Man stelle sich vor, man berichtet als Journalistin oder Journalist über einen hochrangigen Manager in Österreich. Man bringt in Erfahrung, dass dieser Wirtschaftstreibende beispielsweise kriminell agiert, dass er fragwürdige persönliche Geschäfte zulasten seines Unternehmens betreibt oder etwa mit Politikern auf merkwürdige Weise verbandelt ist. Man berichtet über diese Missstände.

In der Folge kann es leicht passieren, dass sich die Berichterstattung auf den Aktienkurs des betreffenden Unternehmens auswirkt. Konkret: dass er nach unten geht, weil Vorwürfe bekannt werden, die Anlegerinnen und Anleger verunsichern. Dies ist bei weitem kein theoretisches Szenario, sondern kommt in der (wirtschafts-)journalistischen Praxis immer wieder vor.

Schlimmstenfalls ist es sogar denkbar, dass sich Journalistinnen und Journalisten persönlich bereichern, indem sie mittels journalistischer Verwertung von Insider-Informationen Aktienkurse gezielt zu beeinflussen versuchen.

Vorsicht bei Wertpapieren

Eben deshalb ist es Redaktionen wie jener des STANDARD wichtig, auf etwas zu achten, das für manche wie eine Nebensache erscheinen mag, aber in Wahrheit unabdingbar ist, um allerlei Interessenkonflikte zu vermeiden: Wie sieht es um den Wertpapierbesitz der Redakteurinnen und Redakteure aus?
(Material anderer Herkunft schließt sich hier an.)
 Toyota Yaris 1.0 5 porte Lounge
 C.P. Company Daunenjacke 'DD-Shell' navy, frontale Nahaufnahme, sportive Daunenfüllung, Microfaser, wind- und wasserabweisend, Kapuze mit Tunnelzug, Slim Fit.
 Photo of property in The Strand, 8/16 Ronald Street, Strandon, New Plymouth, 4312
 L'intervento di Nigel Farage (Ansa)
Beim STANDARD wird diese Frage strikt gehandhabt: Der Besitz jeglicher Wertpapiere, deren dahinterstehende Unternehmen "ihren Sitz oder einen Schwerpunkt ihres Geschäftes in Österreich haben und deren gehandelte Kurse durch österreichische Medienberichterstattung beeinflusst werden könnten" (wie es in den redaktionellen Leitlinien des STANDARD heißt), muss der Chefredaktion und den Ressortleitungen gemeldet werden. Diese Mitteilung erfolgt vertraulich und ohne Angaben zur Stückzahl der Aktien. Auch müssen potenzielle Interessenkonflikte angesprochen werden. Überdies ist es Redakteurinnen und Redakteuren verboten, weitere Papiere dieser Art zu erwerben.

Für das Wirtschaftsressort strenger

Naturgemäß noch etwas strenger fallen die Regeln für Mitglieder des Wirtschaftsressorts aus – haben sie doch besonders viel mit börsennotierten Unternehmen zu tun. Ihnen ist, genauso wie den Mitgliedern der Chefredaktion, Besitz und Handel mit derartigen Papieren überhaupt untersagt.
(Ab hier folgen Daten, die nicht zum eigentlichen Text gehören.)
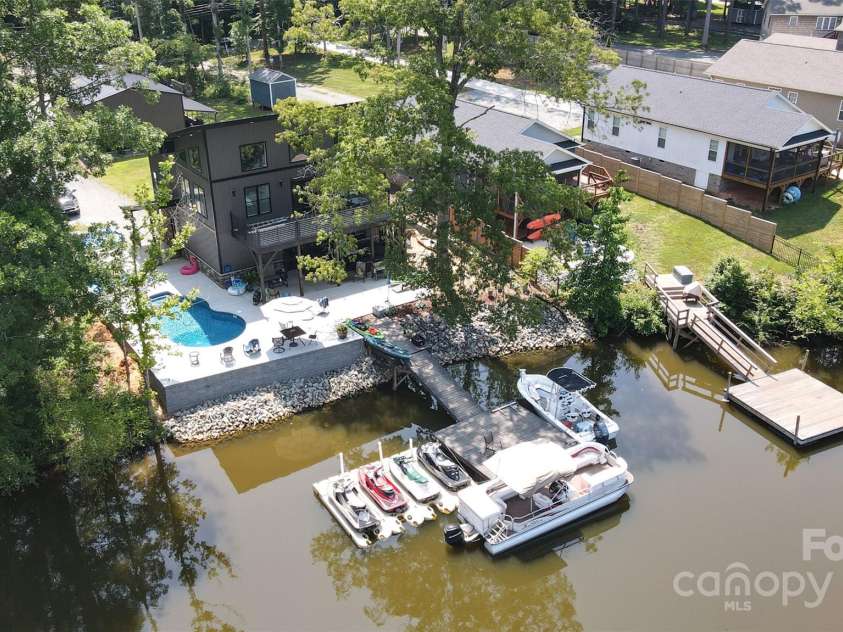 407 Capistrano Shores Boulevard, Lexington, NC 27292.  MLS# CAR4274902, YatesRealty ID 27764. 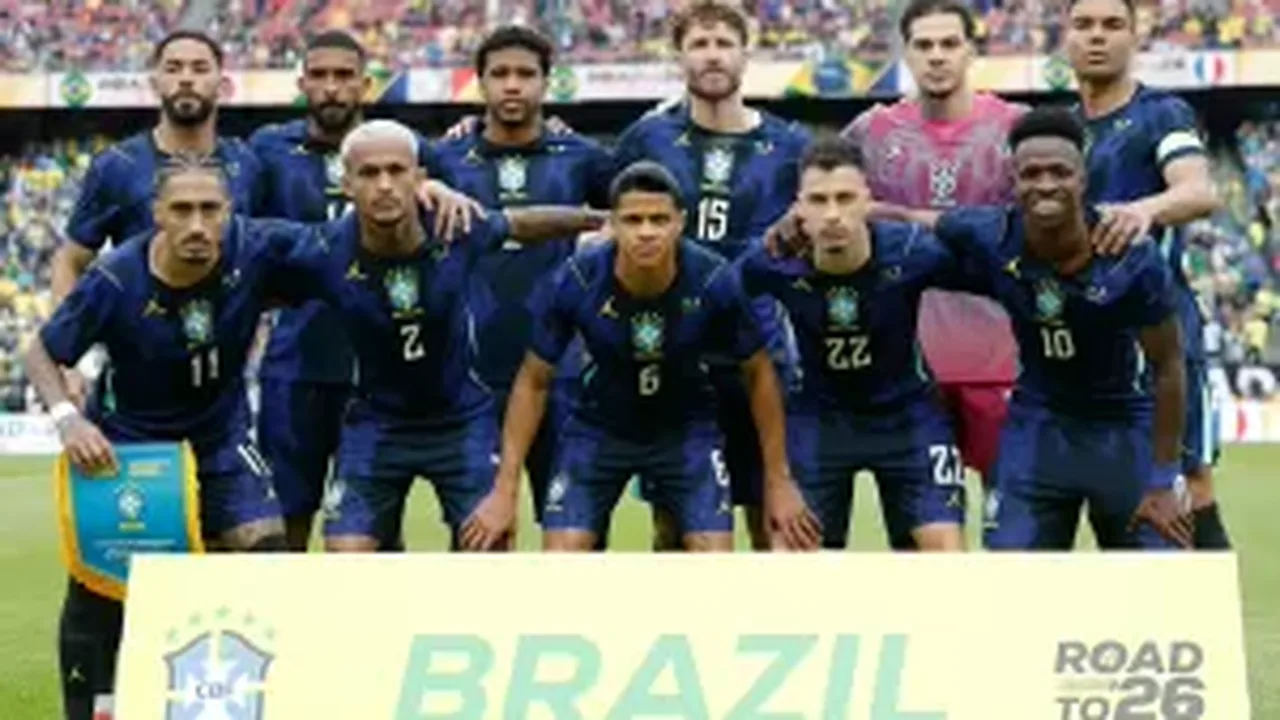 Zico analisando jogo da Seleção Brasileira durante transmissão televisiva com microfone da ESPN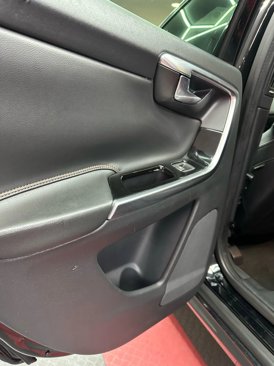 Used 2016 Volvo XC60 T5 Premier w/ Proximity Package image 25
Heißt das nun, dass STANDARD-Redakteurinnen und -Redakteure gar nicht mit Wertpapieren handeln dürfen? Keineswegs – es bleiben genug andere Möglichkeiten. Aktien von Unternehmen, deren geschäftliches Schicksal durch Medienberichterstattung in Österreich nicht beeinflusst werden kann, darf man durchaus besitzen. Dasselbe gilt für Pensionsversicherungen und Fonds aller Art, also Finanzprodukte, in denen Aktien, Anleihen oder etwa Immobilien gebündelt sind. Ein bisschen Investieren darf also durchaus sein, aber transparent. (Joseph Gepp, 5.12.2022)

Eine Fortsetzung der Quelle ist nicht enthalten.